» **INFORMATION SUPPLIED**:
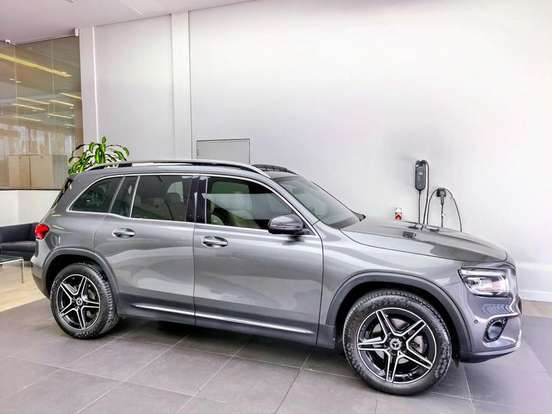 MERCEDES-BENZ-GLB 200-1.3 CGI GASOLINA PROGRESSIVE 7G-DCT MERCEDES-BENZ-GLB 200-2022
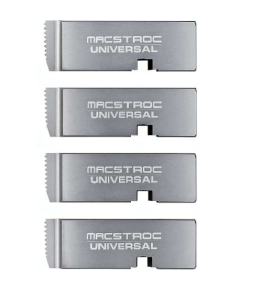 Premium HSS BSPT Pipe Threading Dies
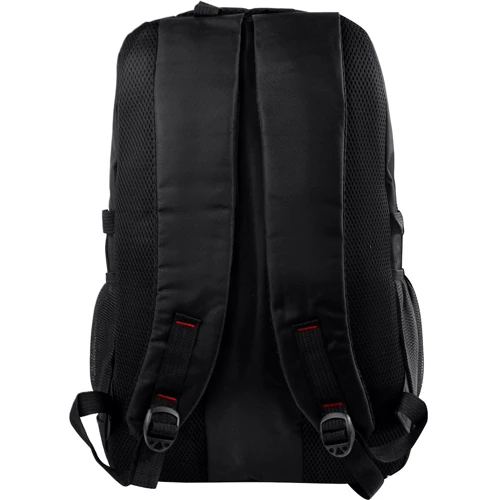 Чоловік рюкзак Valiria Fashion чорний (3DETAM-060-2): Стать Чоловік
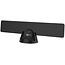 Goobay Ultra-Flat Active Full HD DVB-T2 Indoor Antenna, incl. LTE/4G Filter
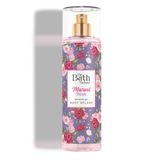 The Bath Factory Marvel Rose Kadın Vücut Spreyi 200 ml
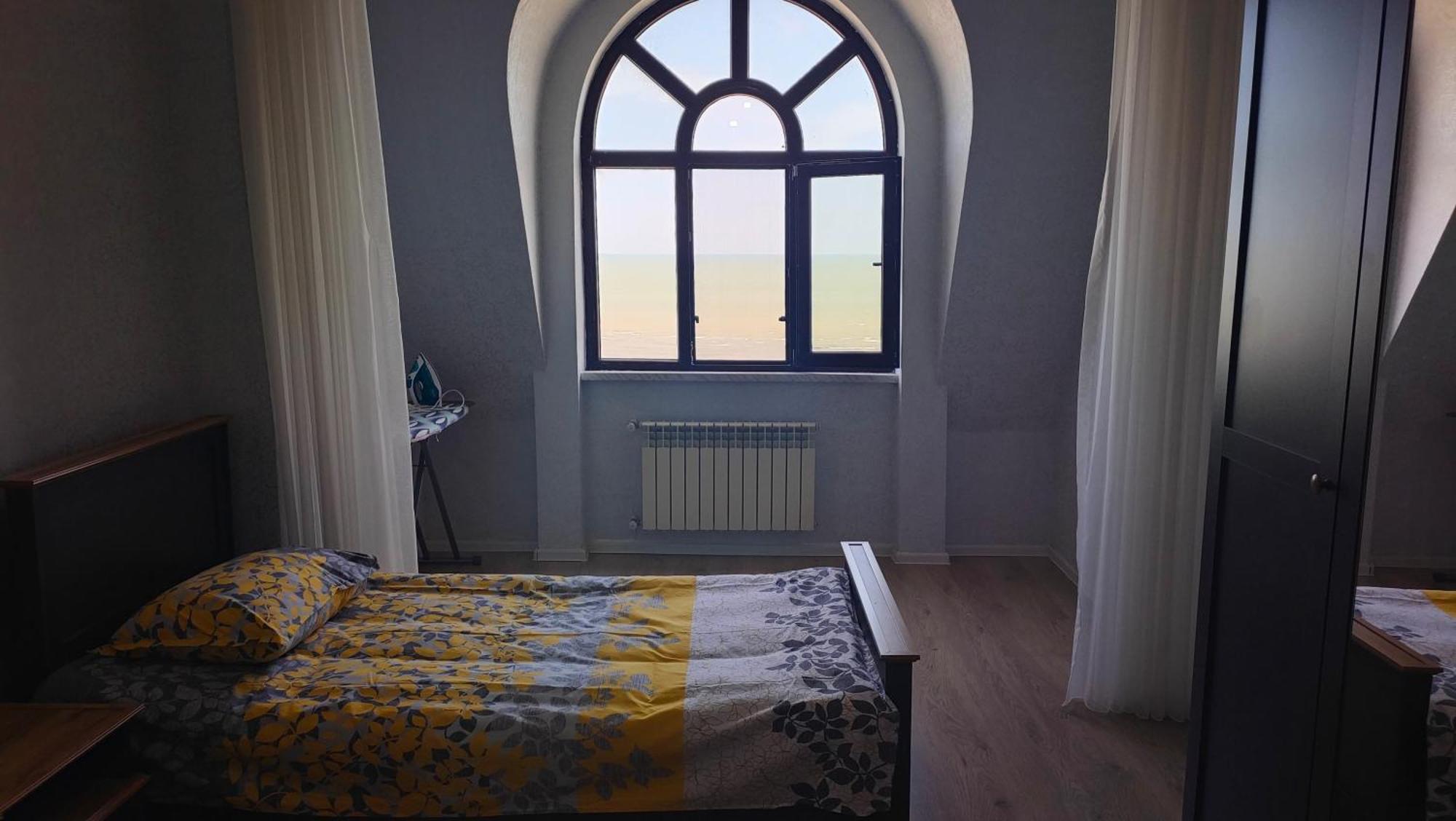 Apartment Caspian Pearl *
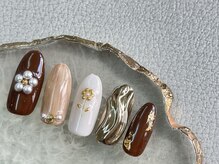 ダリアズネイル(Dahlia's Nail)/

» **TASK DIRECTIONS**:
Copy only what lies between the start of the listing above and the line containing "Goobay Ultra-Flat Active", inclusive of both ends, exactly as written, and drop the pictures.

» **WRITTEN RESPONSE**:
 MERCEDES-BENZ-GLB 200-1.3 CGI GASOLINA PROGRESSIVE 7G-DCT MERCEDES-BENZ-GLB 200-2022
 Premium HSS BSPT Pipe Threading Dies
 Чоловік рюкзак Valiria Fashion чорний (3DETAM-060-2): Стать Чоловік
 Goobay Ultra-Flat Active Full HD DVB-T2 Indoor Antenna, incl. LTE/4G Filter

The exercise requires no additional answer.